Monday, November 21


Uggabugga has a failsafe plan to end the war in Iraq:

Here's the plan -

Withdraw troops from Iraq as soon as logistically possible. - That will meet with approval by most Americans.

Install Ahmed Chalabi as head of the Iraqi government. - Something the PNAC / AEI / Weekly Standard crowd would love to see.

Pay Haliburton $30 billion to facilitate the transition. - To get Cheney & Co. on board.

Give Fox News Channel, Limbaugh, and Open Source Media* exclusive rights for covering the glorious withdrawal. - That way, the right-wing media will paint a positive picture (and get big ratings).

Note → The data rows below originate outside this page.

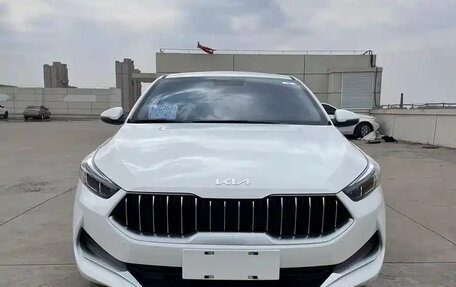 KIA K3, 2023 год, 1 527 000 рублей, 2 фотография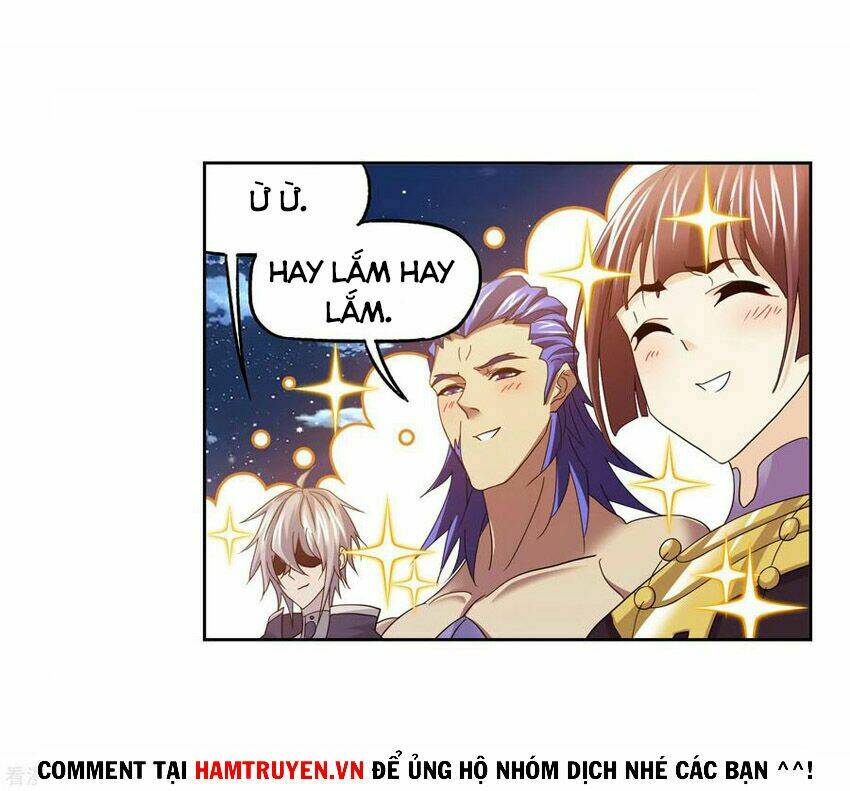 đấu la đại lục Chapter 263.5 - Next Chapter 264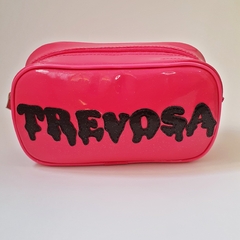 Nécessaire Trevosa Rosa - loja online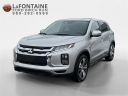 Thumbnail image of 2023 Mitsubishi Outlander Sport at LaFontaine Ford Birch Run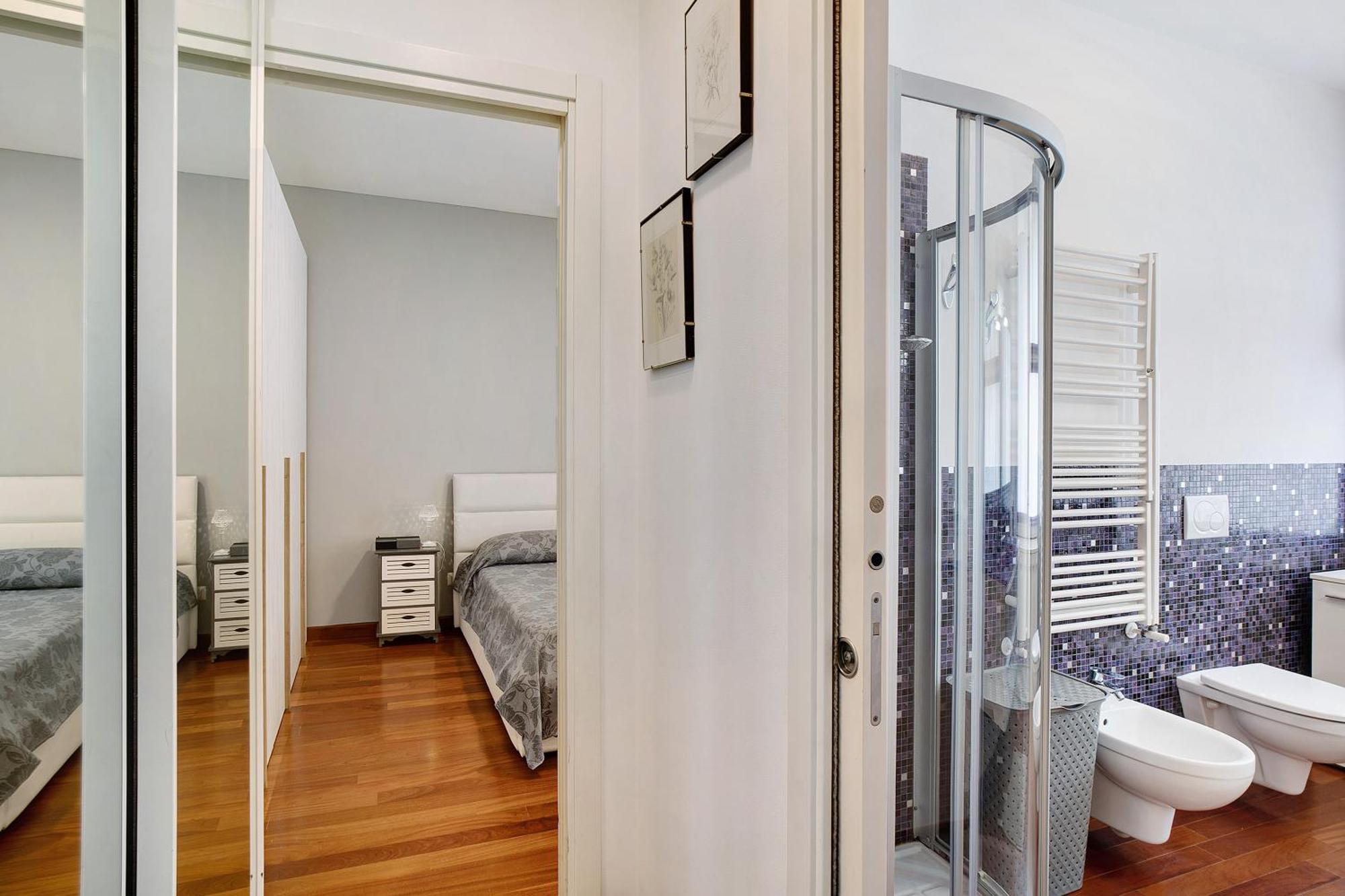 Via Carli Apartment Sanremo Ngoại thất bức ảnh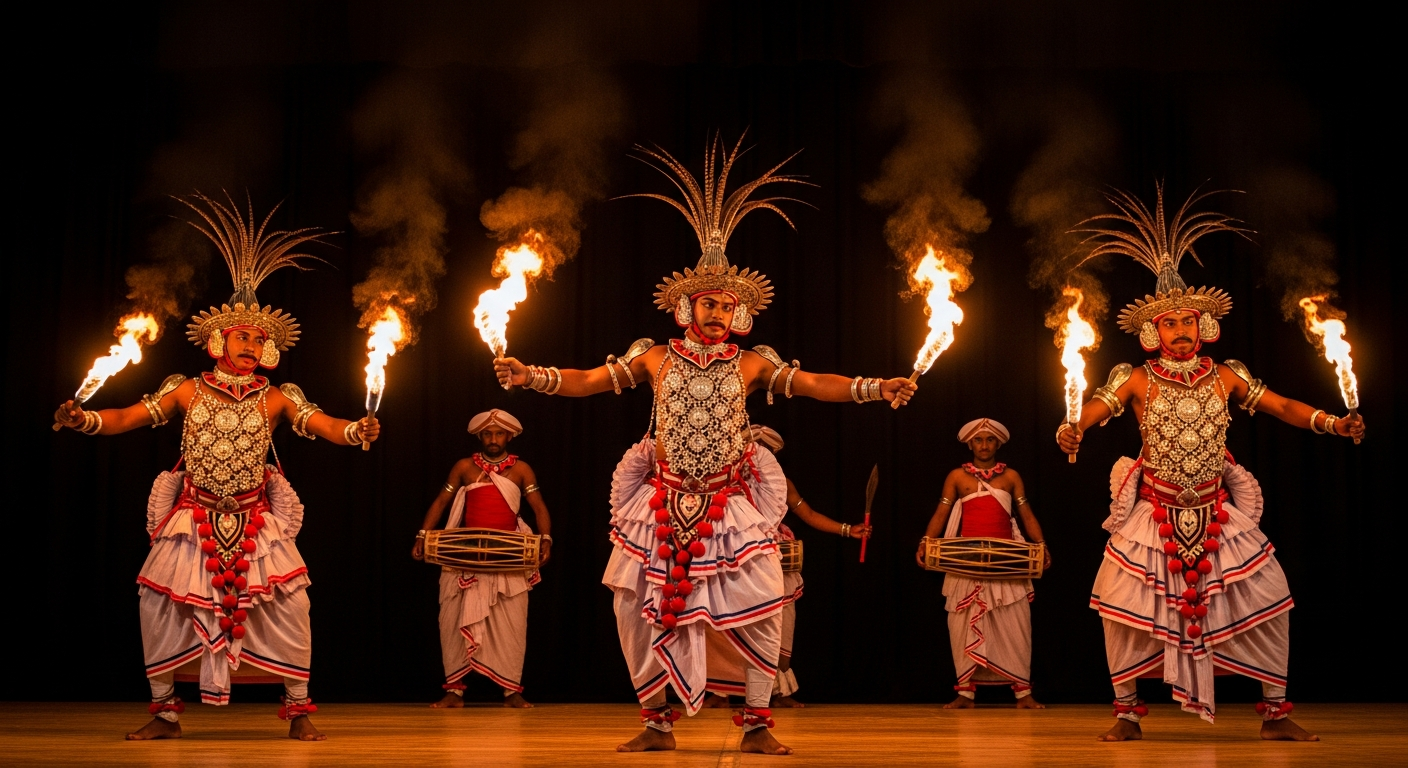 Essential Information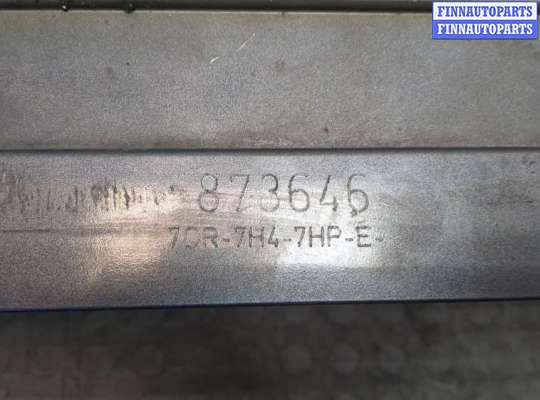 купить Усилитель бампера на Opel Insignia 2017-2022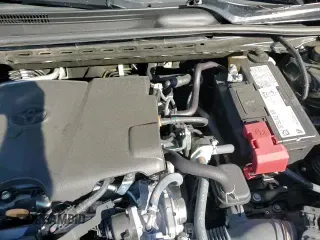 ✅ 2023 Toyota Camry SE • VIN: 4T1T11AK6PU159295 • Lot: 87413355. Wystawiony na Copart z przebiegiem 18 593 mil. Bezpłatny archiwum sprzedaży aukcyjnych z USA i szczegółowy raport historii pojazdu na DreamBid. Zdjęcie 15.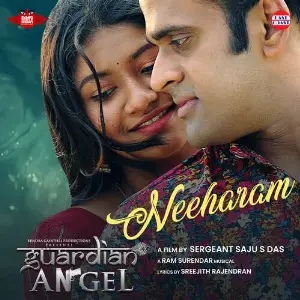 Neeharam (From Guardian Angel) image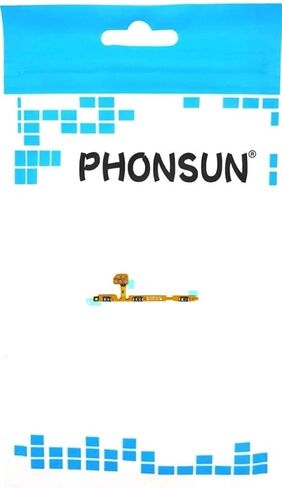 Replacement Power Volume Button Key Ribbon Flex Cable for Samsung Galaxy A42 5G SM-A426U A426B in Saudi Arabia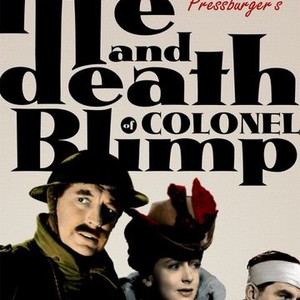 The Life and Death of Colonel Blimp (1943) photo 13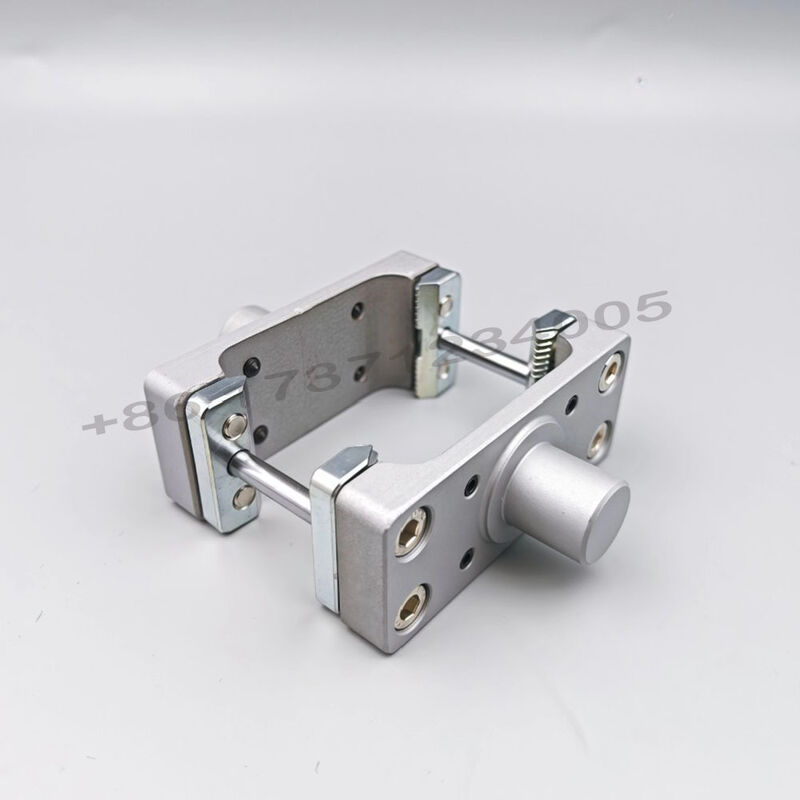 DAMT-V1-50-A 2214909 Kolben Pneumatischer Zylinder Bohrer 32-125mm Galvanisierter Stahl Edelstahl Pin Dauerhafte Leistung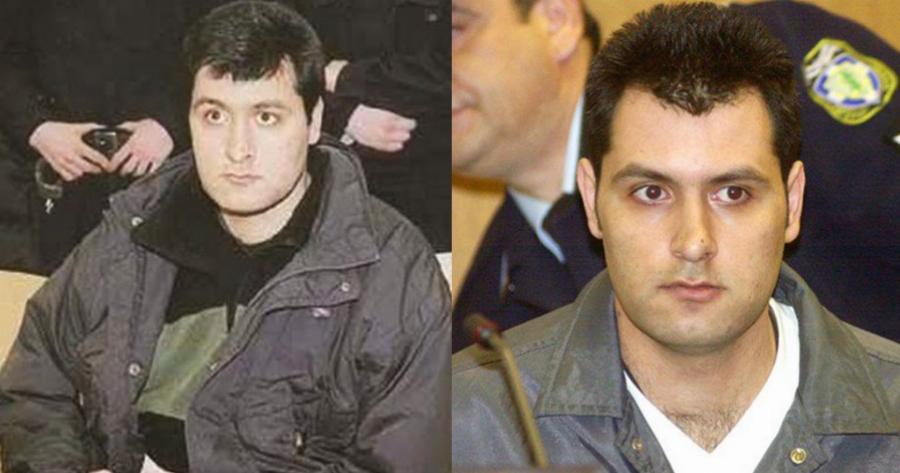 Παντελής Καζάκος: Ο υπάλληλος της ΕΡΤ που ήταν κατά συρροήν δολοφόνος αλλοδαπών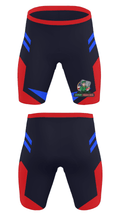 Junk Heroes 27502871 Women's Compression Shorts - 30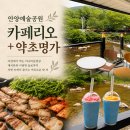 삼겹살명가 | 경기도 계곡 추천 안양예술공원 물놀이스팟 카페리오 약초명가 미나리삼겹살 후기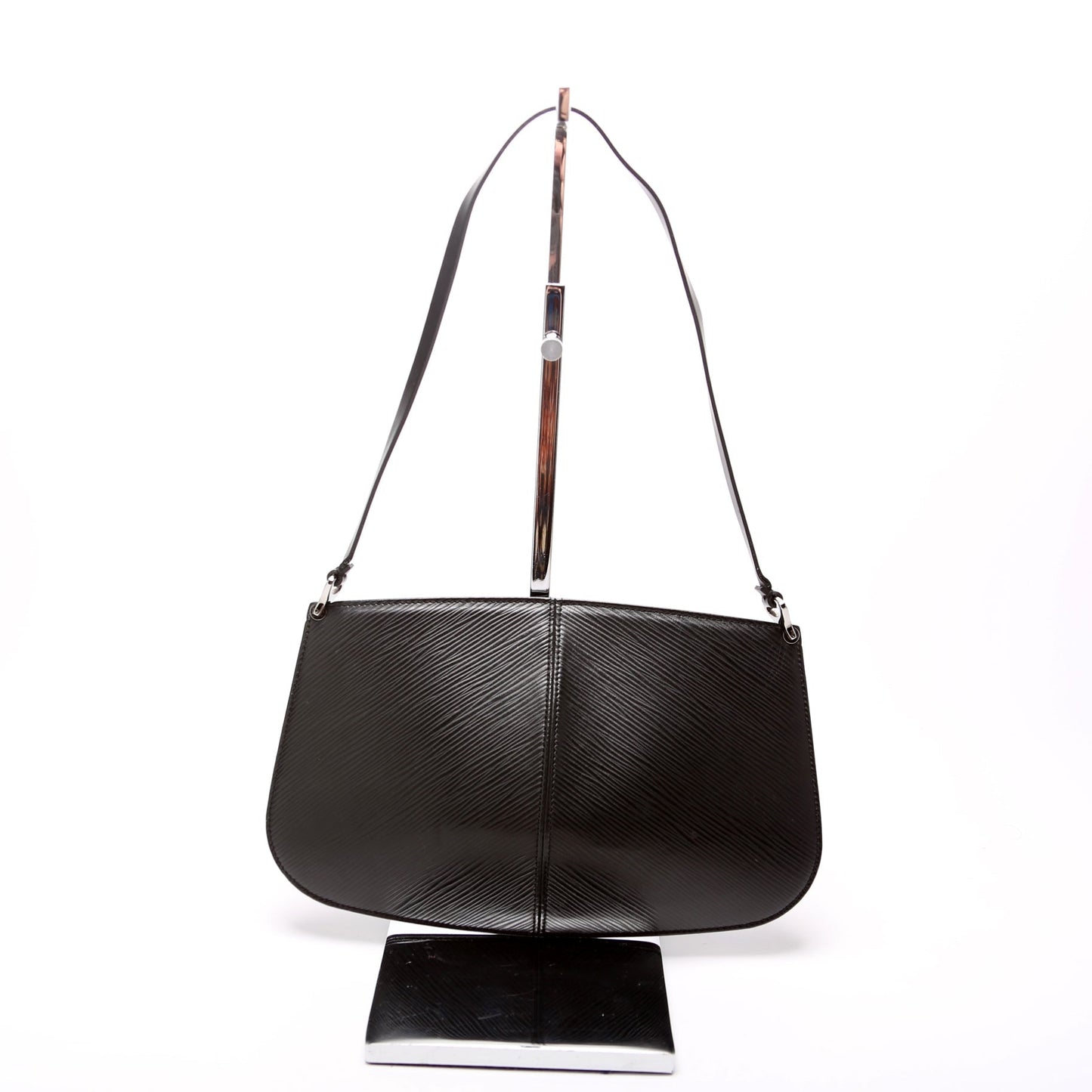 Louis Vuitton Demi Lune Pochette Epi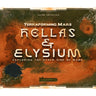 Terraforming Mars: Hellas & Elysium - Thirsty Meeples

Have top fashion designers create a fabulous new military outfit for the president to wear throughout this process. - In order to satisfy Bush's uniform fetish.

Send Judy Miller and Bob Woodward to a secret CIA detention facility. - So that we can determine, once and for all, just how effective torture is in extracting information from determined secret-holders. This has nothing to do with an Iraq withdrawal; it's just a crowd-pleaser.

$100 million to Jack Abramoff. - To organize a never-ending series of golfing trips to Scotland and the Marianas, keeping the Republicans away from the House and Senate (and media) until after the '06 elections.

Presidential Medals of Freedom for everybody! - With the proviso that recipients take the Tenet Pledge (to remain silent about all Iraq-related decisions). That should eliminate any remaining opposition.

Put Karen Hughes in charge of a new public awareness campaign. - Slogan: Retreating with Respectability.

* - or whatever they're calling themselves now.